With the football season all but over and the World Cup shunted off towards Christmas, the stars have aligned for racing to enjoy an unusually high public profile over the next few weeks. First, the Derby will take centre stage during the Platinum Jubilee celebrations and then attention will turn to Royal Ascot in mid-June, when the Queen is expected to have several fancied runners.
And while it might seem to be tempting fate to suggest it, there are early signs too that when the pomp and ceremony of Ascot is done for another year, the race for the Flat jockeys’ championship could keep the sport in the wider public consciousness through the summer months and on into the autumn.
Hopes were high 12 months ago that Hollie Doyle would follow up her third-place finish in Sports Personality of the Year in December 2020 with a serious tilt at becoming Britain’s first female champion jockey. With Tom Marquand, her partner, also expected to be in the running, the PR potential for the sport was immense.
As it turned out, Doyle’s challenge barely left the starting stalls. By the end of June, when Oisin Murphy and William Buick, the eventual winner and runner-up, had 46 and 51 wins respectively, Doyle was already well adrift on 32.
In the first three weeks of the 2022 campaign, however, Doyle has hit the ground running. She rode 15 winners in May 2021 but is already up to 18 so far this month, two behind Buick – who remains the odds-on favourite for the title – and three in front of Marquand. Ben Curtis also has 18 winners but former champion Silvestre de Sousa, a 20-1 shot for the championship, has just nine and some catching up to do.
It is also interesting that Doyle has been the busiest of the likely title contenders in the opening weeks of the campaign. Nikki’s Girl, the first of her seven mounts at Wolverhampton on Monday afternoon, was her 100th ride since the title race began on 30 April. Buick and Marquand had taken 91 and 84 rides, respectively, before Monday’s cards, while Curtis had just 68, and owed his current second place in the title race to a highly impressive strike rate of 26%.
It will be all but impossible for Curtis to maintain that level of success through the summer months and even at this early stage – and before suspensions or injuries start to intervene – this year’s title could be coming down to a three-way go between Buick, Doyle and Marquand.
Buick, of course, is an outstanding jockey and remains the strong favourite for the title. His strike-rate has scarcely wavered from around 22% over the last two seasons and Charlie Appleby, his main employer, could have his strongest team yet this year.

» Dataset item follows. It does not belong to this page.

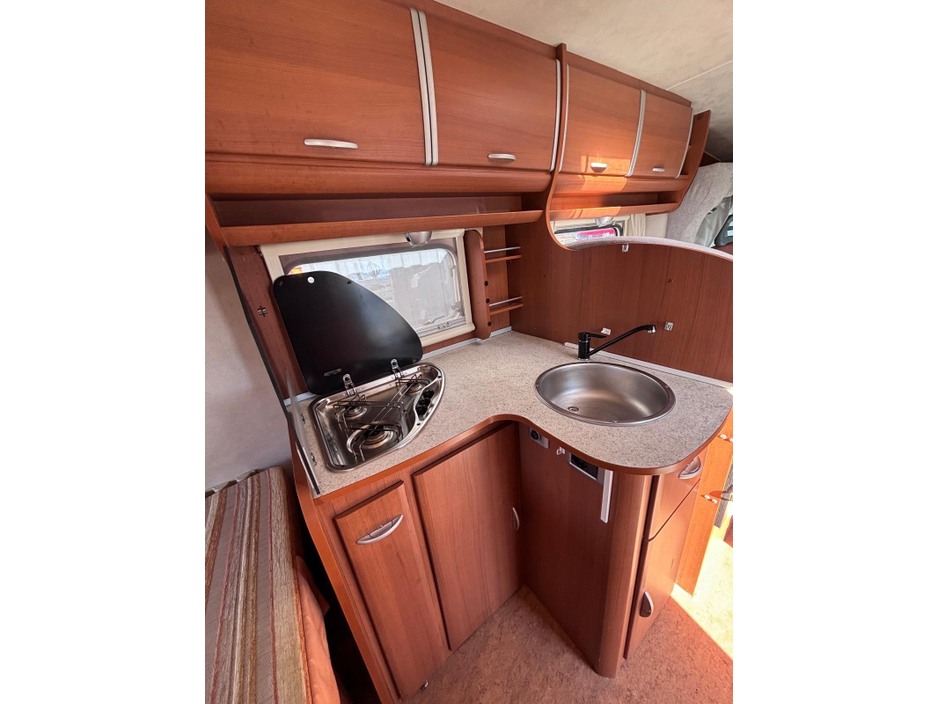 2008 Elnagh Baron 2008 ELNAGH DUKE LO-PROFILE 4 BERTH LEFT HAND DRIVE SPOTLESS THROUGHOUT
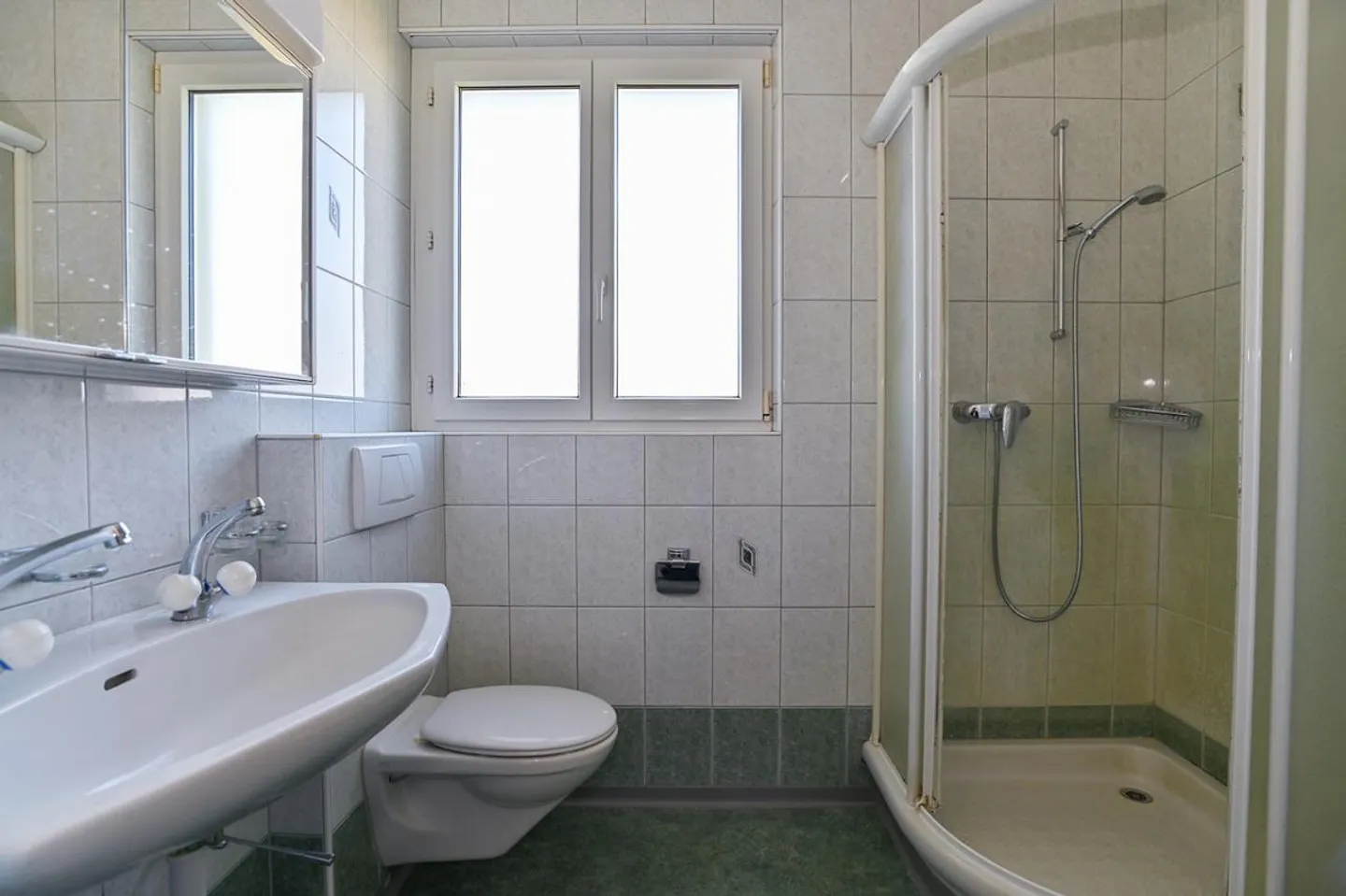 Semi-Detached House with Spacious Garden in Prime Location in Zelgli - Photo 12 of 13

While none of Buick’s rivals can hope to match the depth of quality in his rides, though, Doyle can also look forward to some high-profile engagements, and potential landmarks, in the weeks ahead. Nashwa, an impressive winner at Newbury earlier this month, is 5-1 second-favourite to give Doyle a first Classic winner in the Oaks at Epsom next month. Her old ally Trueshan, meanwhile, who is due to run at Sandown this Thursday, could start favourite for the Gold Cup, the feature event at Royal Ascot.
Inside the racing bubble, it can sometimes grate just a little when the outside world suddenly wakes up to the fact that it is the only major spectator sport in which male and female athletes compete on equal terms. On that basis, Doyle, like Rachael Blackmore over the jumps, is a highly successful and talented rider who just happens to be female, and her gender should have little or no relevance to her achievements.
But everyone loves a “first”, and the simple fact is that a first English Classic success for a female jockey would attract attention and air-time in a way that little else could. So too would a sustained challenge for the jockeys’ championship, and this time around, it might just turn out to be the story of the summer.